Note 488: (retour) Alphere. Walt. Aquit., v. 77.--Alfer, Heldenbuch. pass.

Il nous est resté de cette conception épique, qui devait être considérable, un épisode complet et des indications éparses au moyen desquels nous pouvons nous former une idée de l'ensemble. L'épisode complet nous raconte une aventure de la jeunesse de Walter, aventure célèbre dans toute la tradition occidentale, et à laquelle il est fait fréquemment allusion dans les poëmes et sagas du cycle des Niebelungs: retenu en ôtage chez les Huns, le héros y enlève une jeune fille, qui le suit en Aquitaine, où il l'épouse. Nous ne possédons point ce fragment épique en langage teuton, mais en latin, dans un poëme écrit au xe siècle, et qui n'est évidemment qu'une imitation ou plutôt une traduction d'un original germanique. D'ailleurs, le versificateur latin, religieux du monastère de Fleury-sur-Loire, appelé Gérald, loin de revendiquer l'invention poétique de l'œuvre, ne se donne que pour un translateur qui a détaché des aventures de Walter, que tout le monde connaissait, dit-il, cet épisode galant, pour récréer ses frères conventuels et honorer son digne parent, l'évêque Erkhimbald ou Archambauld, auquel il dédie son livre. Cet Archambauld paraît avoir été le même que celui qui administrait l'église de Strasbourg en 960. Devant m'occuper plus tard en détail et de cet épisode et de tout ce qui concerne Walter d'Aquitaine ou d'Espagne, je n'ai qu'un mot à dire pour le moment: c'est que nous retrouvons parmi les personnages importants qui figurent ici, le roi Ghibic et son fils Gunther, dont les poëmes anglo-saxons nous parlaient tout à l'heure; ils règnent également à Worms, sur le Rhin, et à côté d'eux vit le farouche Hagan ou Hagen, l'Ajax des traditions germaniques; seulement, tandis que Ghibic et Gunther sont des rois burgondes dans les poëmes anglo-saxons, le poëme de Walter en fait des rois franks. Du reste il ne les ménage pas: les Franks y sont représentés comme un peuple de voleurs sans foi et sans courage489, qui détroussent les voyageurs que le sort amène sur leurs terres, et qui se réunissent bravement douze contre un seul guerrier; mais ce guerrier est Aquitain, c'est-à-dire Visigoth, et sa supériorité n'est pas un seul instant douteuse. Un tel poëme évidemment n'a pu naître que chez les Visigoths, à une époque assez rapprochée de leur expulsion de la Gaule pour que le ressentiment, les préjugés haineux, les prétentions orgueilleuses fussent encore vivantes dans tous les cœurs contre le peuple et la lignée de Clovis.

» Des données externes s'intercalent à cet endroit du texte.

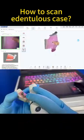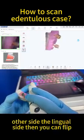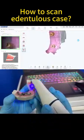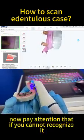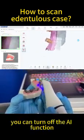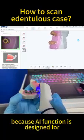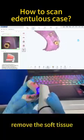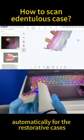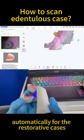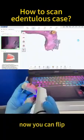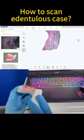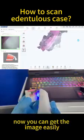Now flip to the lingual side, then you can flip. Pay attention: if you cannot recognize it, you can turn off the AI function, because the AI function is designed to remove the soft tissue automatically for restorative cases. Now you can just flip and get the image easily.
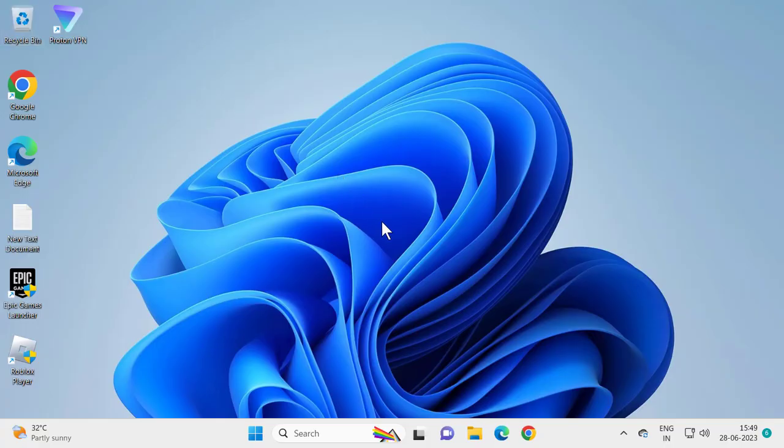Hello guys, welcome to my channel. Today we're going to see how to set photos as a screen saver on your Windows 10 or Windows 11 computer. Let's jump straight into it.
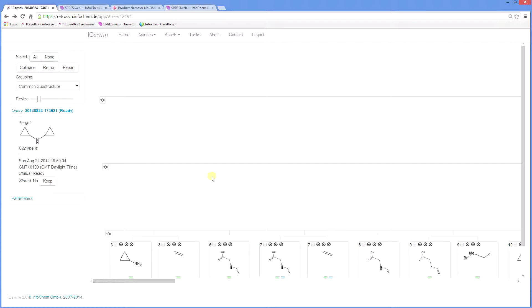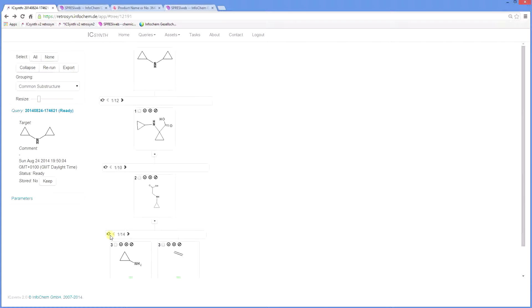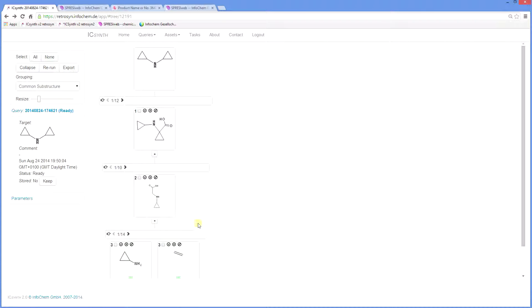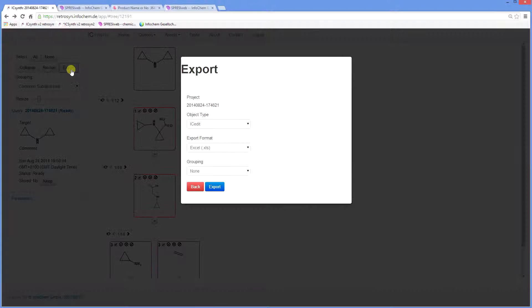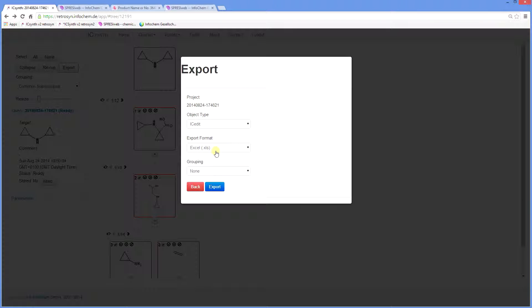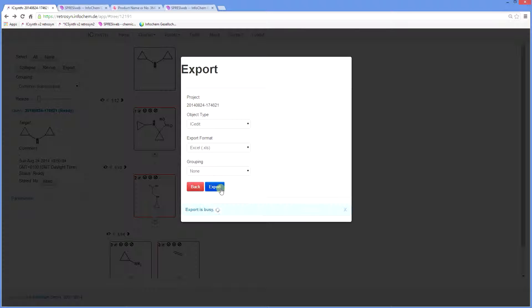Going back to the tree, having evaluated the suggestions, you can then select a specific pathway for export to Excel. For example, if I wish to choose this retrosynthetic pathway, click on the box next to the node number and the pathway is highlighted in red. I can then export this into Excel.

Note 489: (retour) Non assunt Avares hic, sed Franci nebulones... Walt. Aquit., v. 553.

Transportons-nous dans l'extrême Nord, au milieu des Scaldes du viiie et du ixe siècles, et lisons ces poëmes de l'Edda dont je parlais tout à l'heure: nous y retrouverons les noms de Ghibic, de Gunther et de Hagen490 rattachés à ceux d'Attila et de Théodoric, tandis qu'il n'y est point question de Walter; ce n'est donc point par les Visigoths que la tradition d'Attila a pénétré en Scandinavie, c'est plutôt par les Burgondes et par les Franks. Mais les Scandinaves, tout en admettant les personnages traditionnels des nations du Rhin, y mêlèrent des figures qui n'appartiennent qu'à eux, des êtres d'une nature bizarre et fantastique qu'il est indispensable de connaître, pour bien apprécier l'Attila traditionnel dans le cadre où l'a jeté l'imagination des poëtes de la Norvége et de l'Islande. Voici le sommaire des aventures dont ils font précéder celles du roi des Huns, et qui leur servent d'introduction obligée.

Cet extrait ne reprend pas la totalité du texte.